A segurança dos Santos esteve sempre no temor de Deus.
Nem eram eles menos humildes e cuidadosos em precaver pelo facto de resplandecerem em grandes virtudes.
Ao contrário, a segurança dos maus nasce da soberba e presunção que os trazem enganados.
Nunca te tenhas por seguro nesta vida, ainda mesmo que sejas um religioso ou ermitão devotos e fervorosos.

4. Muitas vezes fracassaram gravemente, por muita confiança em si mesmos, os que eram tidos por melhores na opinião do mundo. Pelo que é bem importante a muitos que não estejam de todo livres de tentações, mas que sejam mesmo torturados por elas, para que se não tenham por demasiadamente seguros, nem se encham de orgulho  por sua suposta perfeição, nem busquem ansiosamente consolações exteriores.
Quem nunca buscasse as alegrias transitórias; quem cortasse pela raiz os vãos cuidados; e somente tratasse das coisas divinas e pusesse em Deus toda a sua esperança – que paz e que descanso lograria!

5. Ninguém é digno da consolação celeste se não se exercitar diligentemente na santa compunção. Se queres arrepender-te de todo o coração, entra no teu retiro, lança fora todo o cuidado do mundo, segundo está escrito: "Compungi-vos nos vossos retiros".
No silêncio do teu quarto acharás o que muitas vezes perdes por fora. A cela continuada causa doçura e pouco frequentada causa enfado. Se no princípio da tua conversão te afeiçoares a ela, e se bem souberes guardá-la, ser-te-à depois companheira amorosa e consolação suave.
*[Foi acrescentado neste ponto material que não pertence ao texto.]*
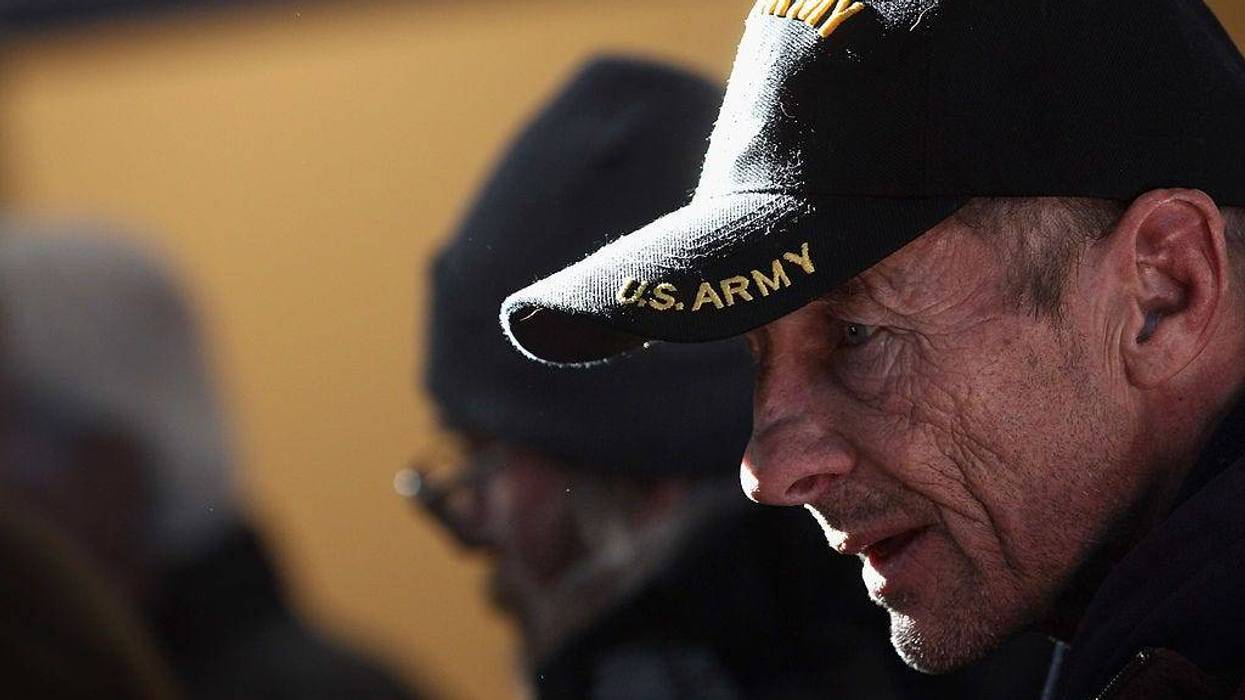 A homeless U.S. military veteran stands in line for free winter clothing.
6. No silêncio e na tranquilidade, aproveita uma alma devota e aprende os segredos das Escrituras. Ali acha as torrentes de lágrimas com que todas as noites se lave e purifique, para que mais se una ao seu Criador, e isso quanto mais longe vive do tumulto do século.
Aquele pois que mais se aparta dos amigos e conhecidos, mais se chega a Deus e aos seus Anjos. Melhor é esconder-se e cuidar da perfeição da sua alma do que fazer milagres desprezando esse cuidado.
Ao homem religioso é de grande vantagem sair em público raras vezes, fugir de ser visto pelos homens e de vê-los com frequência.
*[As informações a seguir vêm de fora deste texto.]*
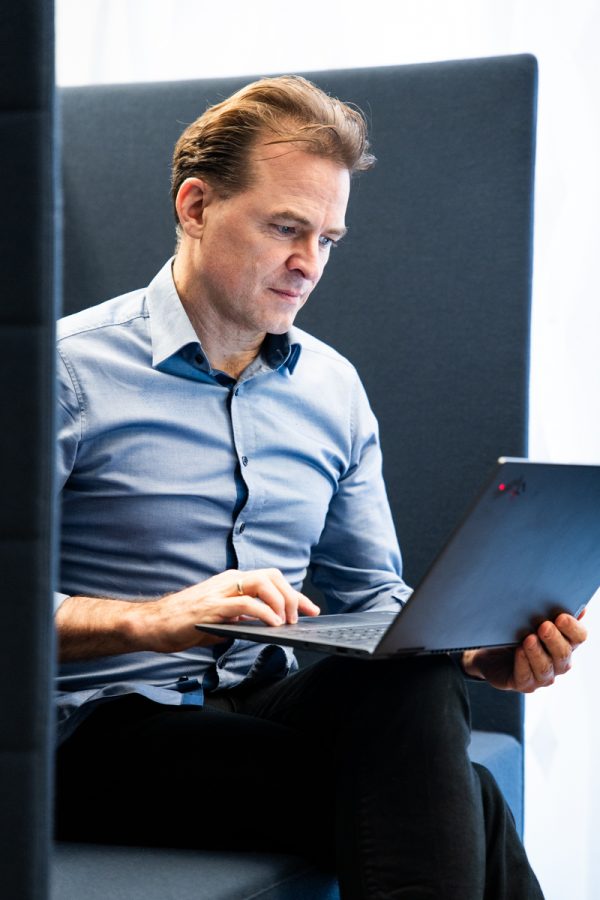 Unternehmensberater Georg Böning sitzt mit Laptop auf dem Schoß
7. Para que queres ver o que te não é lícito possuir? Passa o mundo e a sua concupiscência; os desejos da sensualidade nos arrastam a distracções nocivas; mas, depois daquela hora, que nos resta senão o peso da consciência e intranquilidade do coração?
A saída alegre faz muitas vezes a causa da volta triste, e a alegria da noite causa tristeza na manhã seguinte. E, desse modo, todo o gozo carnal entra com brandura, mas no fim nos atormenta e mata.
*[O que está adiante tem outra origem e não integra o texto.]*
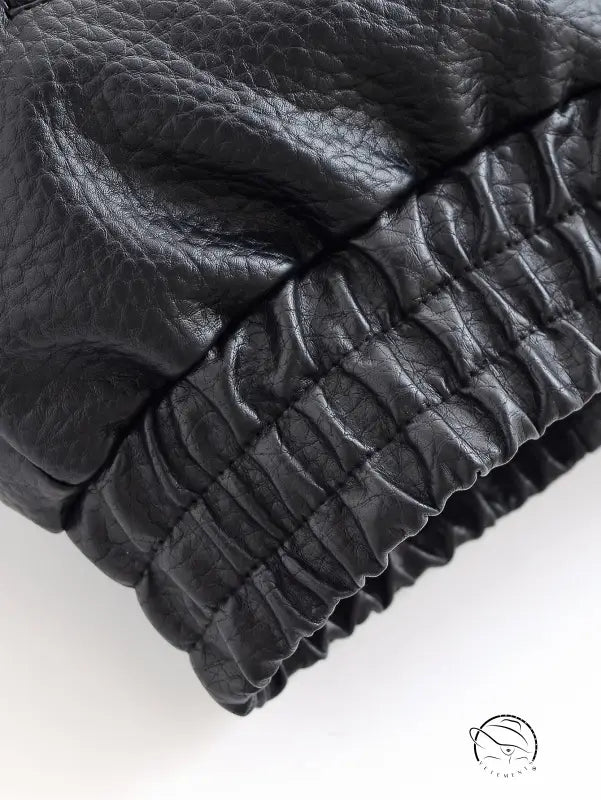 Black faux leather jacket with quilted gloves and textured palm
8. Que podes ver em algum lugar, que permaneça muito tempo debaixo do sol? Cuidas em satisfazer os teus apetites? Pois não o alcançarás.
Se visses diante de ti todas as coisas, não seria isso mais do que uma visão fantástica.
Levanta teus olhos a Deus nas alturas e pede perdão de teus pecados e negligências.
Deixa as vaidades para os vãos e atende só aos preceitos de Deus. Fecha-te em tua casa e chama a
Jesus, a quem amas. Conversa com Ele quando estiveres sozinho no silêncio do teu aposento; não acharás maior paz.
Se não saísses fora, não ouvirias notícias que perturbam a tua boa paz.
Se queres ouvir novidades, prepara-te para sofrer as perturbações do teu coração.